Monday, March 2, 2009

I am having a terrible time concentrating on my writing. Part of the problem is that my house is always full of boys, what with these damn snow days and sick days and weekends, etc. But blaming other people is disingenuous: when I'm writing, I have no trouble ignoring my children. The problem is me.

Probably I should start copying out poems again, which often helps. But at the moment I'm not even all that interested in poetry. I don't know what I am interested in exactly, but whatever it is seems to involve fervent human communication. I am a chatterbox these days, epistolarily and otherwise. Maybe being a chatterbox is part of the writing cycle, just like being a recluse is.

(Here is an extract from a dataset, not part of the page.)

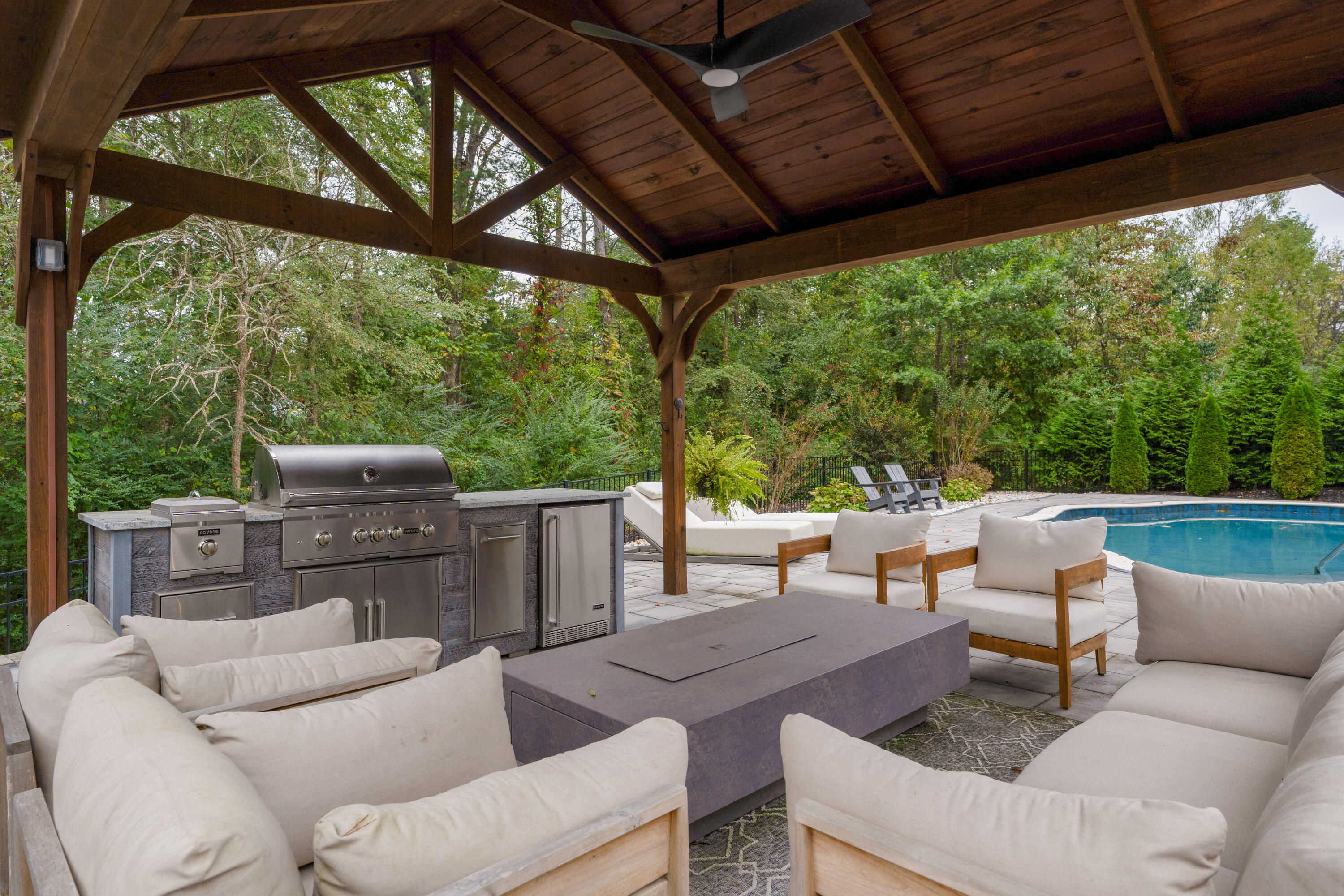 9550 Wolf Creek Trail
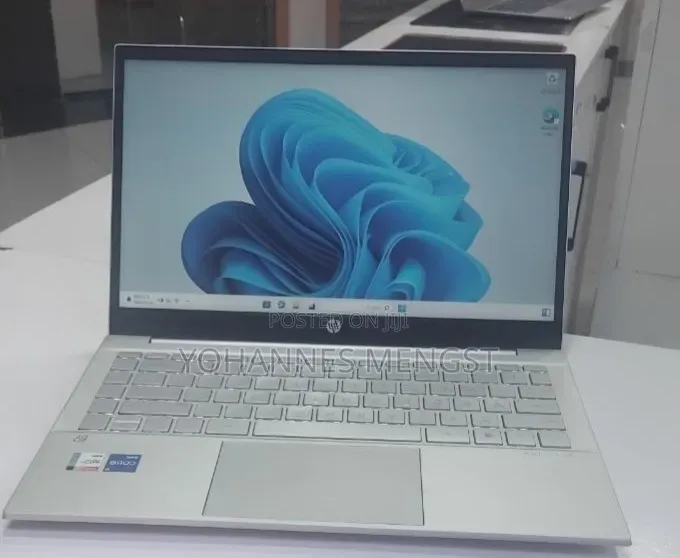 New Laptop HP Pavilion 10 16GB Intel Core i5 SSD 512GB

Thumbing through Bartlett's for inspiration, I came across this small quotation from Ogden Nash's "A Parable for Sports Writers":

A regular poet published a book,
And an excellent book it was,
But nobody gave it a second look,
As nobody often does.
A good notion to keep in mind, I suppose, in those heady moments when we imagine ourselves to be the next Shakespeare. Also, I recently learned that Milton earned a total of 10 pounds from Paradise Lost. Alas.

4 comments:

Ms Johnson said...

Oh my, if boyland is too much for you these days come check out my blog when it goes live at augustaansstlouis@blogspot.com
And we can compare notes on boys, boys, boys.
PS it won't happen until Wednesday.

Ms Johnson said...

opps I mean
augustandstlouis.blogger.com-- don't know wahy I added the extra s. I don't have no lisp :)

Anonymous said...

I find that sometimes blogging help loosen the writing, but at other times, drains the creativity right out of you. I know all too well the recluse thing- if you write often, you tell yourself, you're not a recluse, you just live in a rural area.

I've been debating doing the same thing with Proust as you did with Milton. I guess I'd better get down to the store & get those madelines.

Dawn Potter said...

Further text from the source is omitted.